The whole idea of recovering from a life-threatening disease, like cancer, being a ‘fight’, I find difficult to get my mind round. My appreciation of disease processes is clearly influenced by my style of medicine, Traditional Chinese Medicine (TCM) with its range of therapeutic techniques, such as acupuncture. TCM is holistic in its approach to healthcare. Holism states that body and mind are inextricably linked so what happens to one will have an inevitable knock-on effect on the function of the other. Holism understands that disease is not some random, chance occurrence that we have little or no control over. Even geneticists attribute only 25% of our state of health to our inheritance. My own personal experience of scrutinising my state of health, and intermittent fall from good health over the years, has yielded a clear connection between this and my thought processes. Scrutinising the health of thousands of others in my professional capacity, and studying research and the clinical experience of others far more experienced and talented than me, has corroborated my conclusions.

Gradually, modern medicine is starting to fully appreciate the huge influence our state of mind has on our health. This is really well summarised in Adrian Leader and    book “Why do People get Ill?” ), available from our online shop. Literally, we are what we think. It is becoming increasingly evident that our thought processes create our diseases, whether they involve physical or mental symptoms, or both. We can say that our heart condition has been brought on by working intensely under stressful circumstances for a prolonged period of time, but what thought processes have led us to work like this in the first place. For example, if during our upbringing, we have thought, for whatever reason, that we needed to ‘achieve’ in order to gain ‘acceptance’ or ‘love’ from our parents, then this might have trained the habit of ‘flogging’ ourselves in our work life.

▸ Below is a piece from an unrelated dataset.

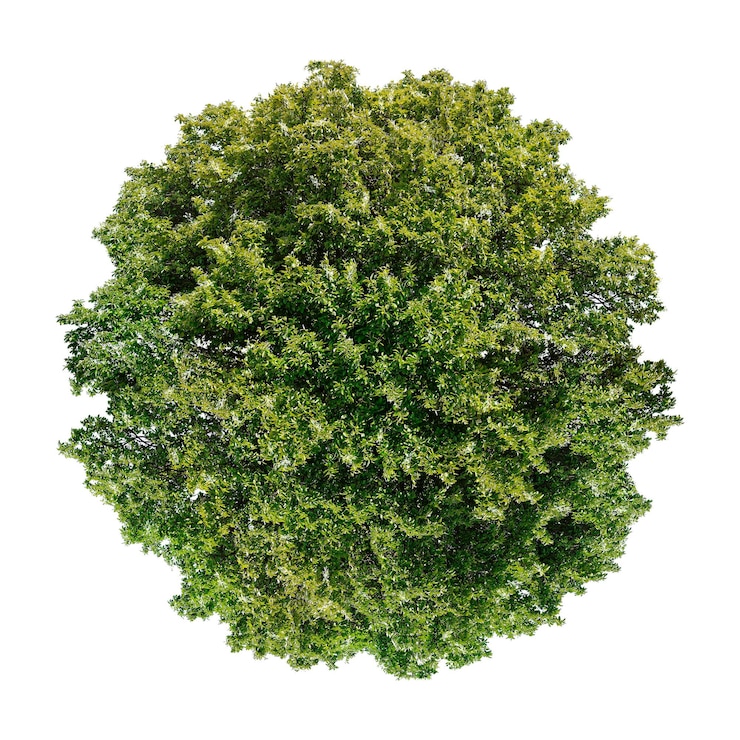 Photo arbre png vue de haut clipart arrière-plan transparent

Holistic healthcare is about helping each individual bring their unconscious motivations into conscious awareness whilst using tried and tested techniques to facilitate recovery from the current disease-state. We do this by stimulating the body’s own, already amazingly well-equipped self-preservation systems. When an individual understands their disease process as part of who they are, they see that there can be no ‘fight’ against cancer because the cancer is a part of them. There is no external ‘enemy’ to fight. They have literally created their circumstances by their thoughts words and deeds in their life to date. Therefore, the only long-term, sustainable solution is through new thoughts, words and deeds. So, in my mind, self-understanding is the key. As far as I can see, achieving self-understanding is a process, often long and arduous, which is why we are often well-advised to seek external help when experiencing a life-threatening disease state.

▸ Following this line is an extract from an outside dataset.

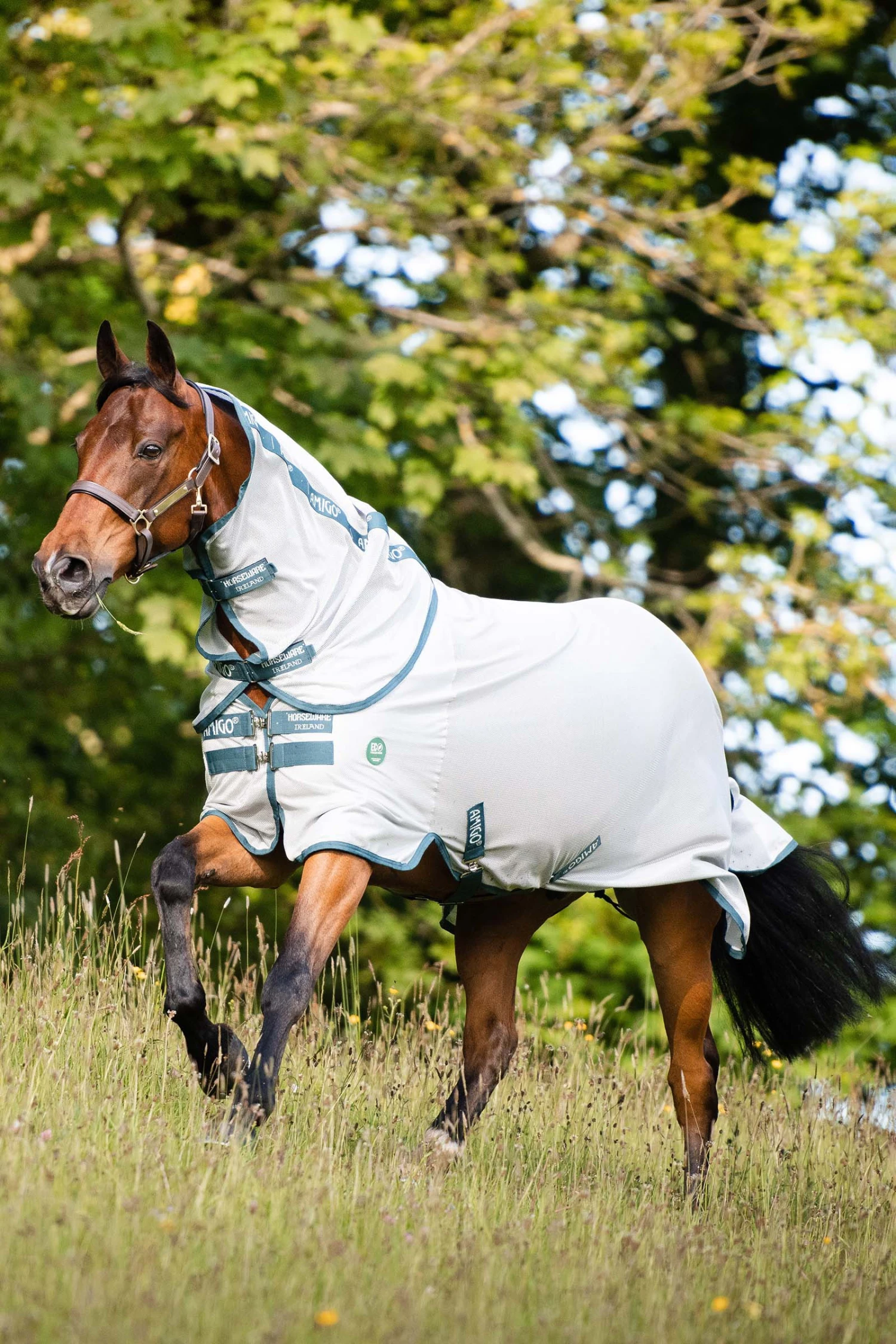 Horseware AmEco Bug Rug Fliegendecke 1 Horseware AmEco Bug Rug Fliegendecke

The word ‘fight’ often implies a struggle. Because of the negative connotations this idea holds, this is just likely to make the process of recovery that much more difficult. So, I believe that our best chance of survival is to embrace the symptoms we are suffering as messages sent from deep inside us as an aid to reaching fullness. This way we can utilise the healing power of love, love of our self and the people around us and of life. Being diagnosed with a life-threatening illness is probably one of the best wake-up calls we will ever get in helping us to express ourselves as we truly are. So let’s embrace it. Or, as the motif on one of the Tai Chi students in my class says: “make tea, not war!”